NVIDIA Vera Rubin Enters Full Production, Ready To Bring The Full Force of NVIDIA’s AI Might To Agentic AI Factories

•

Jun 1, 2026 at 01:32am EDT

NVIDIA Confirms Vera Rubin Launch In Q3 With Volume Ramp by Q4, As Blackwell Continues To See Massive Demand

The world's most powerful Agentic AI platform, NVIDIA Vera Rubin, is now in full production and ready for deployment at AI factories.

NVIDIA Crushes All Vera Rubin Delay Rumors, Initiates Full Mass Production & Agentic AI Deployment

Less than two weeks ago, NVIDIA commenced the full production of its Vera CPUs, which are all set to open up a $200B TAM. With Vera, NVIDIA is confident enough that it will become the largest supplier of CPUs this year, but now, the whole platform, codenamed Vera Rubin NVL72, has entered full production and is aiming for deployment readiness to power Multi-Billion and Multi-Gigawatt AI factories around the globe.

Top system builders, infrastructure software and storage partners are in full-scale production of Vera Rubin. This includes Dell Technologies, HPE, Lenovo and Supermicro, as well as AIC, Aivres, ASRock Rack, ASUS, Cloudian, Compal, DDN, Everpure, Foxconn, GIGABYTE, Hitachi Vantara, Hyve Solutions, IBM, Inventec, MinIO, MiTAC Computing, MSI, NetApp, Nutanix, Pegatron, Quanta Cloud Technology (QCT), VAST Data, WEKA, Wistron and Wiwynn.

NVIDIA

NVIDIA's Rubin platform is going to be made up of a total of six chips, all of which are back from fabs and in NVIDIA's labs for testing. These chips include:

Rubin GPU (with 336 Billion Transistors)
Vera CPU (with 227 Billion Transistors)
NVLINK 6 Switch for Interconnect
CX9 & BF4 for Networking
Spectrum-X 102.4T CPO for silicon photonics

All of these chips combined make the Rubin platform alive inside a range of DGX, HGX, and MGX systems. At the heart of each data center is the NVIDIA Vera Rubin Superchip, featuring two Rubin GPUs, one Vera CPU, and massive amounts of memory in HBM4 and LPDDR5x configurations. The highlights of the NVIDIA Rubin technology include:

6th Gen NVLink (3.6 TB/s Scale-Up)
Vera CPU (Custom Olympus Core)
Rubin CPU (50 PF NVFP4 Transformer Engine)
3rd Gen Confidential Computing (First Rack-Scale TEE)
2nd Gen RAS Engine (Zero Downtime Health Checks)
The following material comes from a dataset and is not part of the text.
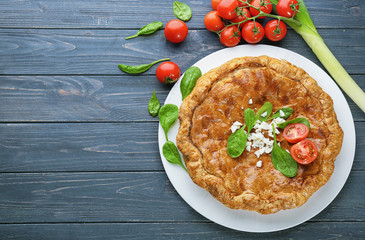 Tasty pie with spinach on table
So starting with the Rubin GPU, this chip features two reticle dies, each with lots of compute and tensor cores. The chip itself is designed purely for AI-intensive workloads, offering 50 FLOPs of NVFP4 Inference, 35 PFLOPs of NVFP4 Training performance, a 5x and 3.5x increase over Blackwell, respectively. The chip is also equipped with HBM4 memory, offering up to 22 TB/s bandwidth per chip, a 2.8x increase vs Blackwell and 3.6 TB/s of NVLink bandwidth per CPU, a 2x increase vs Blackwell.

For the Vera CPU, NVIDIA has designed its next-gen custom Arm architecture codenamed Olympus, and the chip packs 88 cores, 176 threads (with NVIDIA Spatial Multi-Threading), 1.8 TB/s NVLink-C2C coherent memory interconnect, 1.5 TB of system memory (3x Grace), 1.2 TB/s of memory bandwidth with SOCAMM LPDDR5X, and Rack-scale confidential compute. These combine to offer 2x data processing, compression & CI/CD performance versus Grace.
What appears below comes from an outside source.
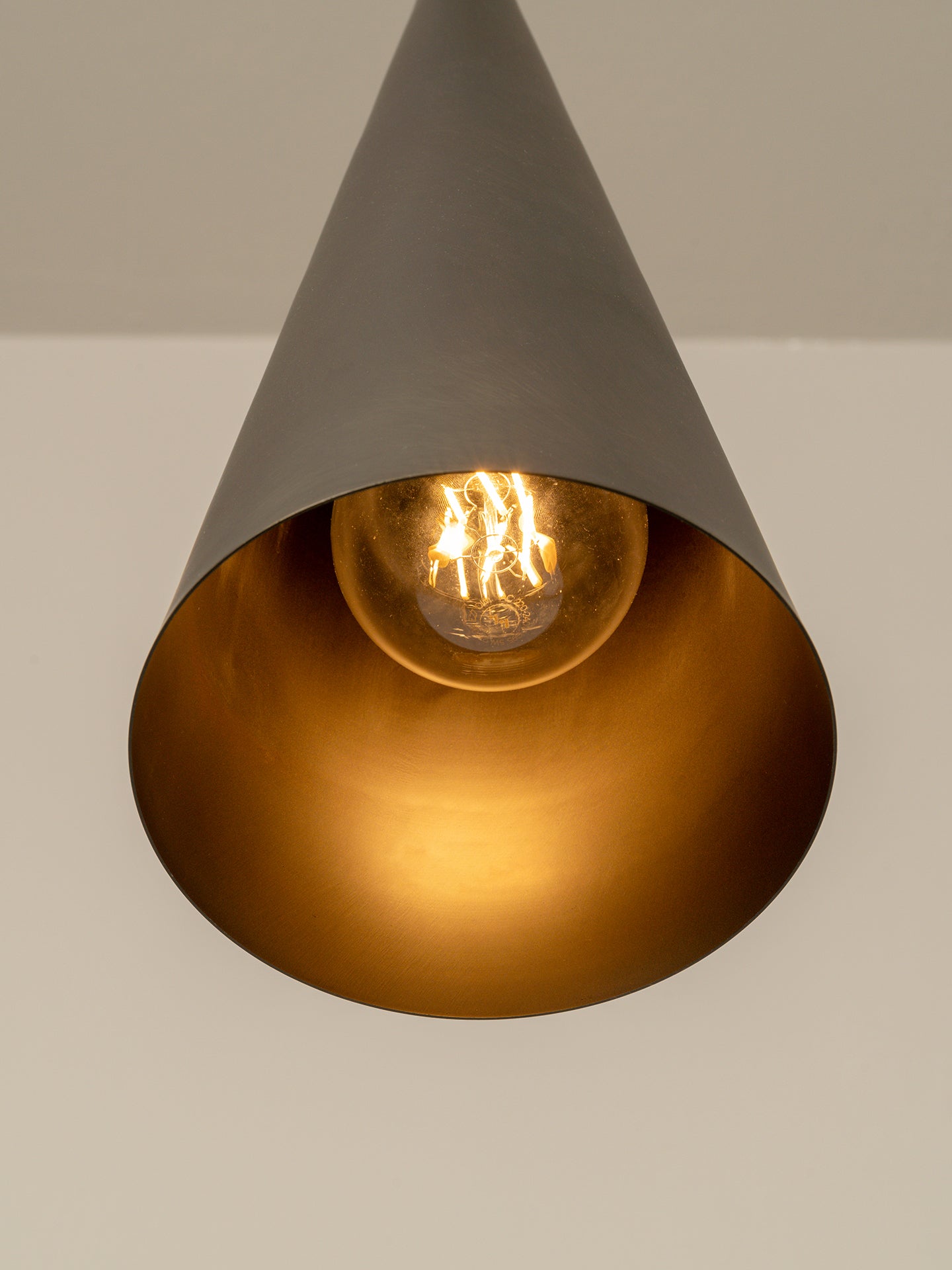 A cone-shaped pendant light fixture with a matte dark gray exterior and a metallic gold interior, showcasing a glowing warm Edison bulb.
NVLink 6 switches offer networking fabric on the Rubin platform with 400G SerDes, 3.6 TB/s per-CPU all-to-all bandwidth, 28.8 TB/s of total bandwidth, 14.4 TFLOPS of FP8 compute in-network, & a 100% liquid cooled design.
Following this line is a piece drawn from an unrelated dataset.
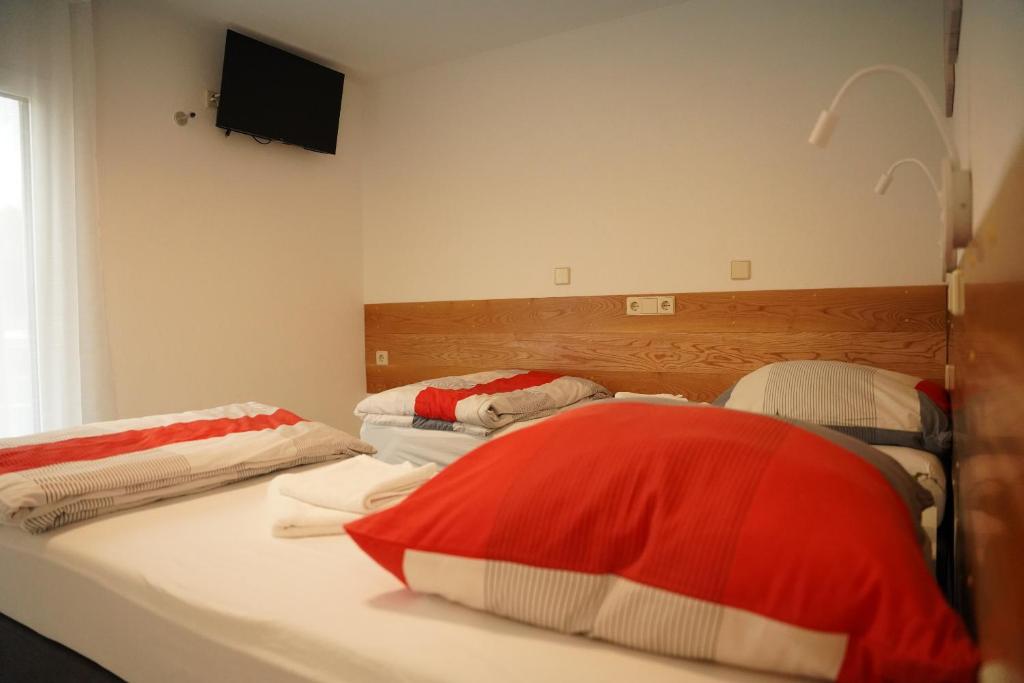 a bedroom with two beds and a tv on the wall at FeWo Reutlingen Ganghoferstr in Reutlingen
Networking is powered by the latest ConnectX-9 and BlueField-4 modules. ConnectX-9 SuperNIC offers 1.6 TB/s bandwidth with 200G PAM4 SerDes, programmable RDMA and data path accelerator, top-level security, and is optimized for massive-scale AI.

The Bluefield-4 is an 800G DPU for SmartNIC and storage processor. It integrates a 64-core Grace CPU with ConnectX-9, offers 2x networking capabilities versus BlueField-3, 6x compute, and 3x memory bandwidth.

All of these come together in the NVIDIA Vera Rubin NVL72 rack, which offers some impressive uplifts versus Blackwell as detailed below:

5x NVFP4 Inference (3.6 EFLOPS)
3.5x NVFP4 Training (2.5 EFLOPS)
2.5x LPDDR5x Capacity (54 TB)
1.5x HBM4 Capacity (20.7 TB)
2.8x HBM4 Bandwidth (1.6 PB/s)
2x Scale-Up Bandwidth (260 TB/s)

NVIDIA is also announcing its Spectrum-X Ethernet Co-Packaged Optics solution, which offers a 102.4 Tb/s scale-out switch infrastructure, co-packaged 200G silicon photonics, and offers 95% of effective bandwidth at scale. The system is 5 times more efficient, 10 times more reliable, and offers 5 times higher application runtime.

For its Rubin SuperPOD, NVIDIA is also unveiling the Inference Context Memory Storage platform, which is built for gigascale inference and is fully integrated with NVIDIA software solutions such as Dynamo, NIXL & DOCA.

To wrap it all up, NVIDIA will be putting its Rubin platform in its bleeding-edge DGX SuperPOD with 8 Vera Rubin NVL72 racks. But that isn't it, there's also the NVIDIA DGX Rubin NVL8 for mainstream Data Centers.

With all of these advancements, NVIDIA Rubin offers a 10x reduction in inference token cost and a 4x reduction in the number of GPUs to train MoE models vs Blackwell GB200. The Rubin ecosystem is backed by a diverse range of partners and is in full production, with customers getting the first chips later this year.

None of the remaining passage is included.